MuJoCo Environments ({hopper, halfcheetah, walker2d, ant}x{medium, medium-replay, random})
Reward curve (Higher is Better)
Statistics by the rliable (https://github.com/google-research/rliable) library with 10000 bootstrap replications. The x-axes are normalized scores, and IQM stands for InterQuatile Mean. Optimality gap is (100 - expectation of normalized reward capped at 100).
Antmaze Environments (umaze, umaze-diverse, medium-play, medium-diverse)
Reward curve (Higher is Better)
Statistics by the rliable (https://github.com/google-research/rliable) library with 10000 bootstrap replications. The x-axes are normalized scores, and IQM stands for InterQuatile Mean. Optimality gap is (100 - expectation of normalized reward capped at 100).
Maze2D Environments (open, umaze, medium, large)
Reward curve (Higher is Better)
Statistics by the rliable (https://github.com/google-research/rliable) library with 10000 bootstrap replications. The x-axes are normalized scores, and IQM stands for InterQuatile Mean. Optimality gap is (100 - expectation of normalized reward capped at 100).

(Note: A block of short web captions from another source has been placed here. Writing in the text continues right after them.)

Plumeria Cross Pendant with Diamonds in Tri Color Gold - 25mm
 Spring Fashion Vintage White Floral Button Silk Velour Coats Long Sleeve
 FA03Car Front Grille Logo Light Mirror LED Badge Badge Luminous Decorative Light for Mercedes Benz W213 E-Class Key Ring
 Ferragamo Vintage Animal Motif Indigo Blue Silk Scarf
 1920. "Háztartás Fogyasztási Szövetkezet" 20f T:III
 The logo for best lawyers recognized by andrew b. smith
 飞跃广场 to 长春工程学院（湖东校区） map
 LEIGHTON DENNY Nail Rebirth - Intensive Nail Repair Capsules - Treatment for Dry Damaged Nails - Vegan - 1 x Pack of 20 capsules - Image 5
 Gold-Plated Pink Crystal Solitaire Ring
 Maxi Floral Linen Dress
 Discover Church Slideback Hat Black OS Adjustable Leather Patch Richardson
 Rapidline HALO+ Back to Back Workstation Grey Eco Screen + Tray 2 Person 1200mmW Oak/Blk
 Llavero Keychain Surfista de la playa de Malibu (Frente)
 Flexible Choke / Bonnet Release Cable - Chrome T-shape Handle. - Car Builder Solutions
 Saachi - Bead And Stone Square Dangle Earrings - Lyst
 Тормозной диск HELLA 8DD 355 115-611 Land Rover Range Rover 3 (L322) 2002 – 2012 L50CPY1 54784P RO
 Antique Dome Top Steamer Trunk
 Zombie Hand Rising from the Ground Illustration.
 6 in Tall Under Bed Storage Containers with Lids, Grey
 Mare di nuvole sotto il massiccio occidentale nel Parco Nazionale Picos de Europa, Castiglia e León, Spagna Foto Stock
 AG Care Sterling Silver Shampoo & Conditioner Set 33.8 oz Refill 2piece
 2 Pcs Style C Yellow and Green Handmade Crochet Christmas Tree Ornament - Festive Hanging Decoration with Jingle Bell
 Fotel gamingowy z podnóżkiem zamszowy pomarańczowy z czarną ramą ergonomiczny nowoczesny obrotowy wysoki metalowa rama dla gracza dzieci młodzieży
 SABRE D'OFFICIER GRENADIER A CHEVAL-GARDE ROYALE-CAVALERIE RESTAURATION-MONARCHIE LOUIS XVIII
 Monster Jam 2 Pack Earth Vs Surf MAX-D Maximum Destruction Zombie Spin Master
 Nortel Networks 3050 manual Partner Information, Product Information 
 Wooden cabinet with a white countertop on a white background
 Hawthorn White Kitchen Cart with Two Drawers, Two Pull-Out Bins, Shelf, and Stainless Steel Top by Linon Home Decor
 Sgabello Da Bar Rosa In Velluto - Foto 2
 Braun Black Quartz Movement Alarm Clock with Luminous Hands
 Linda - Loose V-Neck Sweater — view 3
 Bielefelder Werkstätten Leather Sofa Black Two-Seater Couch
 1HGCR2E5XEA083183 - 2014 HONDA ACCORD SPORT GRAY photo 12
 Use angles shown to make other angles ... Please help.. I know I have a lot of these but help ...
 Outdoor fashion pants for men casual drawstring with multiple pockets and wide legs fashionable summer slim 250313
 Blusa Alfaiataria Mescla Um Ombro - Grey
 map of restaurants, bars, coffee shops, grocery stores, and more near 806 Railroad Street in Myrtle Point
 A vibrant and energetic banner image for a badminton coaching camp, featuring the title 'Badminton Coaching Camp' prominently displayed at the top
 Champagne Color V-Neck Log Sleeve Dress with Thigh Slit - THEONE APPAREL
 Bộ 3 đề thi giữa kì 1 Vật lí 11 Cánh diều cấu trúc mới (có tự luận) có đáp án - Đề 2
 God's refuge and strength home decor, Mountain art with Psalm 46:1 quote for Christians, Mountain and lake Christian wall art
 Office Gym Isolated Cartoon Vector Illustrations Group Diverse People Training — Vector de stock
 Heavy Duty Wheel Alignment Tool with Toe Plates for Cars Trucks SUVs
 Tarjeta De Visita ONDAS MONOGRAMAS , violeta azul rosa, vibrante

We have also conducted extensive ablations in our paper, including context length, RL gradient coefficient tuning, environments with delayed reward, longer training process, using recurrent critic, other possible exploration improvement techniques and ablations on architecture.
Related Work
[1] Q. Zheng, A. Zhang, A. Grover. Online Decision Transformer. In ICML, 2022.
[2] D. Brandfonbrener, A. Bietti, J. Buckman, R. Laroche and J. Bruna. When does return-conditioned supervised learning work for offline reinforcement learning? In NeurIPS, 2022.
[3] J. Fu, A. Kumar, O. Nachum, G. Tucker and S. Levine. D4RL: Datasets for Deep Data-Driven Reinforcement Learning. ArXiv, 2020.